You can apply map to generated lists:

  first_bits = map(extract_first_bit, open("really_long_lines.txt"))

And filter:

  expensive_cars = filter(is_not_cheap, [Car(car_data) for car_data in open("cars.txt")])

In fact, most languages that do list comprehensions let you do filtering inline. You do it in Python using the trailing "if" clause here:

junk_cars = [Car(car_data)
             for car_data in open("cars.txt")
             if "Ford" in car_data]  # ooh burn!

(Incidentally, Car is a class, and Car(car_data) creates a Car object. Python omits the "new" keyword of C++, Java, etc.)

And you can use reduce with a generator too:

  # may overflow, but won't run out of memory
  bitsum = reduce(add, allbits())

It gets even more interesting when you start using lambda functions, which adroitly leads us into the section titled...

Lambda Functions

Nah. Actually, I won't write about lambda functions. This is enough for now.

Whew! Let's see, that took... a bit over two hours of my life to write. For some value of "a bit". Not too bad, considering I would have otherwise wasted that time mindlessly flipping between the Discovery and Sci-Fi Channels. So, I hope you have enjoyed reading it, if indeed you have read this far without gouging out either your eyes or your monitor. Let me know if you have questions (and are foolish enough to encourage me) or, more likely, corrections ("Java doesn't have freestanding functions, you git!")

Gotta go. There's an episode starting of "Man Vs. Wild" I've only seen three times.

Appendix: Flavors of Reduce

About ten billion words ago, did you wonder why the PHP function join_by_something could not be shorter, like this:

function join_by_something_whynot($a, $b, $what) {
    return $a . $what . $b;
}

Well, the reduce operation has a fuzzy definition at its edges, and different languages provide reduce functions that behave in slightly different ways. Most let you specify a seed value, which will be used as the first argument in the first step. So in python, for example:

>>> import operator
>>> a = [1, 2, 3]
>>> b = [10]
>>> reduce(operator.add, a)
6
>>> reduce(operator.add, b)
10
>>> # now specify an initial value
... initial_value = 10
>>> reduce(operator.add, a, initial_value)
16
>>> reduce(operator.add, b, initial_value)
20
>>>

Some languages also use the seed if you use an array having fewer than two elements, using a sensible default depending on the array type (0 for numbers, etc.) Let's use this PHP function in an example:

// string join by dash
function sjoind($a, $b) {
    return $a . '-' . $b;
}

Now if you invoke array_reduce(array('Z'), sjoind), the result is '-Z'. Makes sense, right? Because the array only has one element, the reducing function takes two, so PHP uses its default seed value (the empty string).

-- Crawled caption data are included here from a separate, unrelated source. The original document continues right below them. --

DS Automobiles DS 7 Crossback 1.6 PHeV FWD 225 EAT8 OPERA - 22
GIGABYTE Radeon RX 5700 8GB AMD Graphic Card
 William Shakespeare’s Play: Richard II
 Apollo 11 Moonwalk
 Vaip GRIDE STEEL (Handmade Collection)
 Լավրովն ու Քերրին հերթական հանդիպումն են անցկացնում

Now try array_reduce(array('Z', 'Z'), sjoind). What would you expect the result to be? Think a second... Ok, time's up. Did you guess 'Z-Z'? WRONG! It's actually '-Z-Z'. Can you think of why?

It's because of how the PHP creators decided to implement array_reduce. In some languages, the reduce operation only uses the initial value when working with an array of fewer than two elements. PHP, however, always uses its seed value, in effect prepending it to the array.That's why join_by_something has to check its arguments.

(It's actually even more arcane than that: the seed value is actually the integer zero, which is just cast to an empty string in this context. Boy, now you are TOTALLY set to win the Geek Edition of Trivial Pursuit.)